During this year, I have been talking to quite a lot of people from different research groups who said that they are working on accelerating automated theorem proving using Machine Learning. The principle idea is to guide the derivations performed by the theorem prover using some statistical model that has learned in which situation which steps lead to the completion of the proof.

Hearing this idea from multiple research groups at roughly the same time, made me interested in what progress has already been made on this topic.

I stumbled across the paper “Reinforcement Learning of Theorem Proving” (https://papers.nips.cc/paper/8098-reinforcement-learning-of-theorem-proving) presented at NeurIPS 2018. Essentially, the paper implements a simple version of the idea described above using reinforcement learning.

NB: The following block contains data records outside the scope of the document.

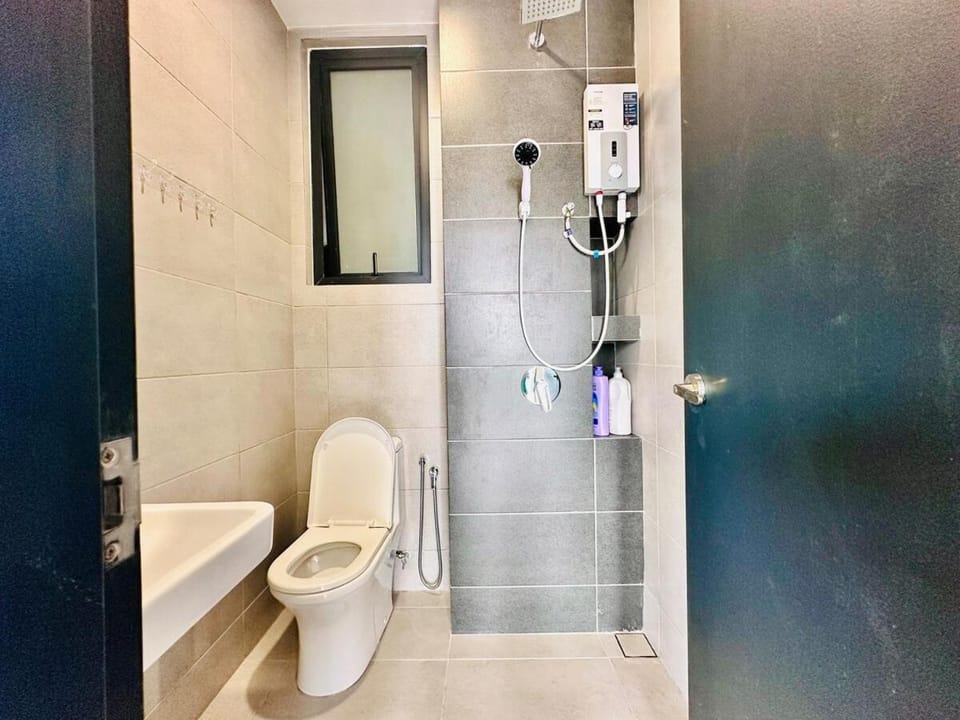 Island Sea & City View Familystay 3BR 10Pax Apartment in George Town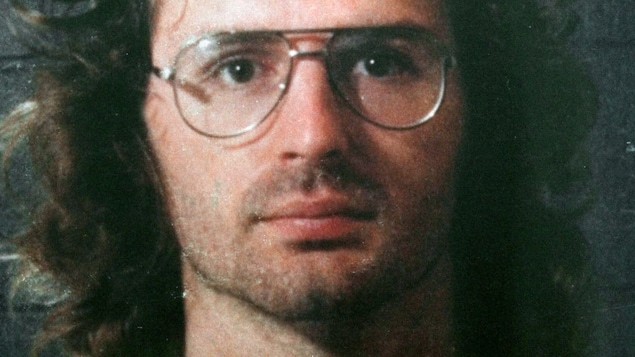 David Koresh, chef des davidiens de Waco, photographié par la police. La date de la photo est inconnue mais elle a été rendue publique par la police en 1998.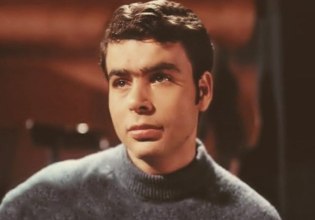 Γιάννης Πουλόπουλος: Πωλείται το θρυλικό ξενοδοχείο του τραγουδιστή στην Άνοιξη Αττικής – Το ποσό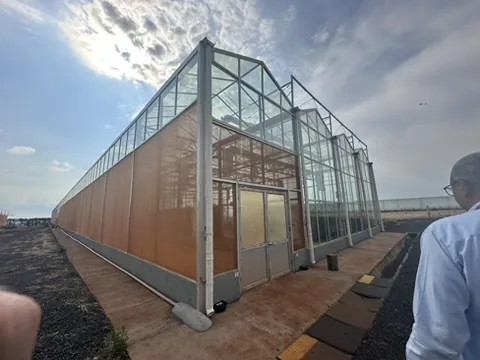 Estufa de pesquisa envidraçada preparada para automação e controle ambiental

At first glance, it appears to present a significant improvement compared to “classical” theorem proving methods (mlCoP-vs-rlCoP). However, after more thorough research, it seems that the reported improvements are relative to the “leanCoP” algorithm, i.e., a very simple algorithm for theorem proving and by no means comparable to state-of-the-art automated theorem proofing systems.

When comparing to state-of-the-art theorem proofing algorithms, their approach significantly performs worse than these hand-tuned heuristics.

That’s when I became a bit confused.

NeurIPS is the top venue for machine learning research, so I assumed that papers presented there provide either some significant novelty in terms of learning or major advances in empirical performance.

However, it seems that this paper provides neither of those two.

As stated by the authors, the idea is a straightforward application of an AlphaGo style RL setting to the context of theorem proving. Moreover, as mentioned before, the experimental improvements are only relative to a very basic algorithm.

The reviews give some additional perspective and are accessible here (https://media.nips.cc/nipsbooks/nipspapers/paper_files/nips31/reviews/5309.html).

Reading the reviews suggests that for the initial submission, the authors did not include the comparison with state-of-the-art theorem proving systems (Vampire and E) but only the “baseline” of their basic leanCoP implementation. In other words, in their initial submission, it must have appeared to the reviewers that their method presented a significant advancement compared to existing (non-learning) approaches.

I am not saying this paper is terrible. I just had some quite high expectations before reading it, giving that it was published at NeurIPS 2018. However, I was utterly disappointed after realizing that there is virtually no contribution in terms of novel learning concepts or actual advances in automated theorem proving.

What is your perspective and opinion on this paper?

  • Do you know any research groups that work on automated theorem proving using machine learning?
  • What do you think of this paper?
  • Do you think this paper provides a significant contribution to our research community?
  • Do you think the reviewers had some mislead impressions on the paper?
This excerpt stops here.